Use when the user has a selected Candidate Method, multiple Candidate Methods to merge, a user-authored rough method, or a reconstructed chat method and want...
---
name: paper-reading-method-commitment
description: Use when the user has a selected Candidate Method, multiple Candidate Methods to merge, a user-authored rough method, or a reconstructed chat method and wants to converge on one human-owned method outcome before experiment design, research framing, or risk review.
---
# Method Commitment
Use this skill to run a Method Commitment Workflow: normalize exactly one Source Method against exactly one Method Commitment Source Problem, review inherited local context, reconstruct the method anatomy, attack high-risk design assumptions with the user, record structure-changing decisions, assign a status, and write status-aligned artifacts.

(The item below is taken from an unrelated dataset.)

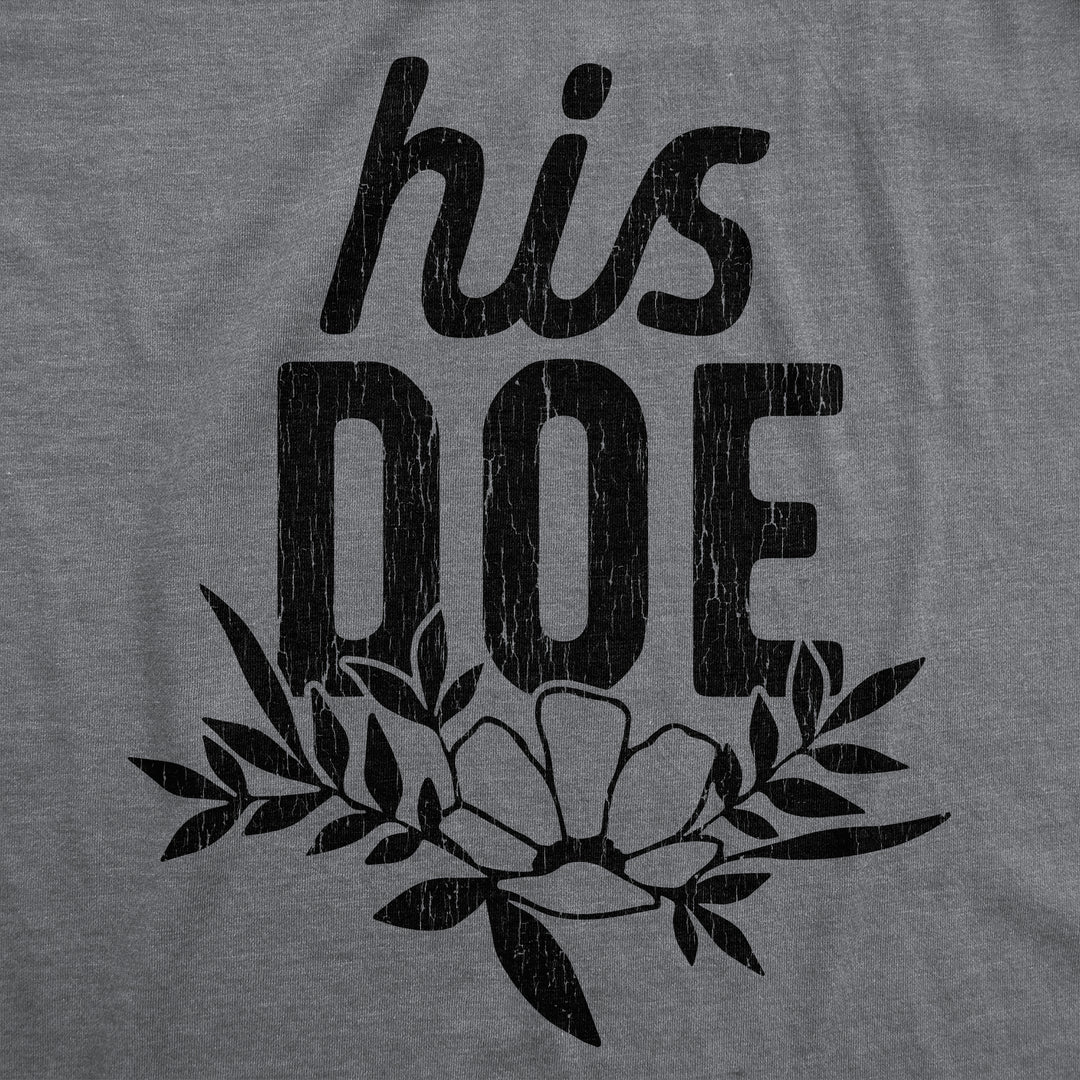 His Doe Women's T Shirt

This is a convergence workflow. It does not run broad method search, invent a full method from nothing, automatically choose the best Candidate Method, or write full experiment plans.

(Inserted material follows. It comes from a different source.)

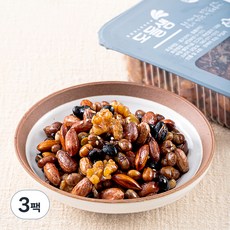 도들샘 모듬콩장, 500g, 3팩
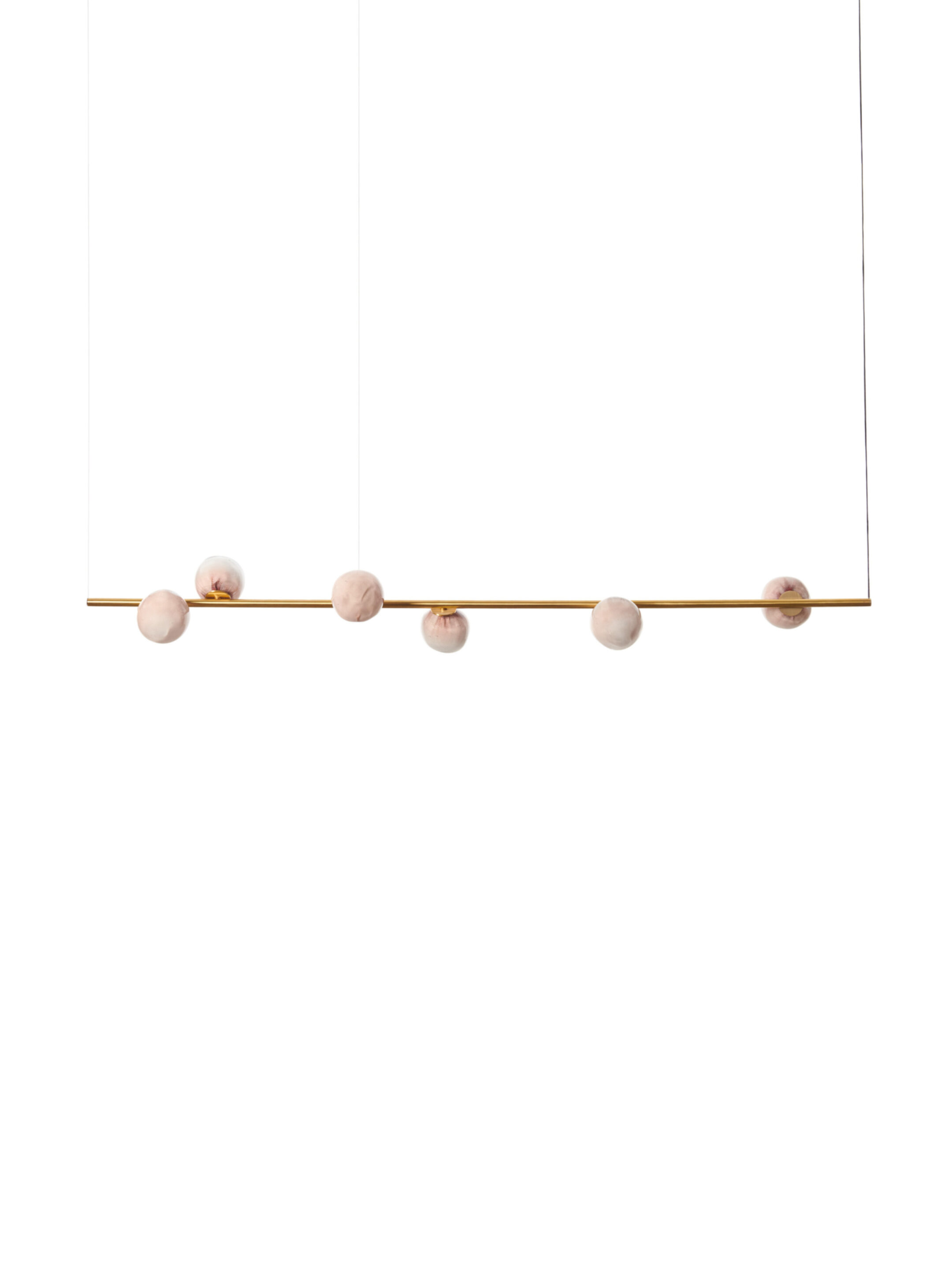 84 6 Suspended H Brass Off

Only `committed` output is downstream-ready. `provisionally-committed`, `needs-redesign`, and `reject-current-method` must not be routed as normal sources for downstream workflows.
## Output Root
Set `{workspace-root}` before creating, scanning, or updating artifacts:
- Default `{workspace-root}` to `workspace` (the repo-local `workspace/` directory).
- If the user specifies a workspace root, use that path exactly and do not add another `workspace/` layer.
- If the user provides an existing artifact or workflow path, infer `{workspace-root}` from that path and keep related artifacts under the same root.
- Do not create generated workflow directories directly at the repository root.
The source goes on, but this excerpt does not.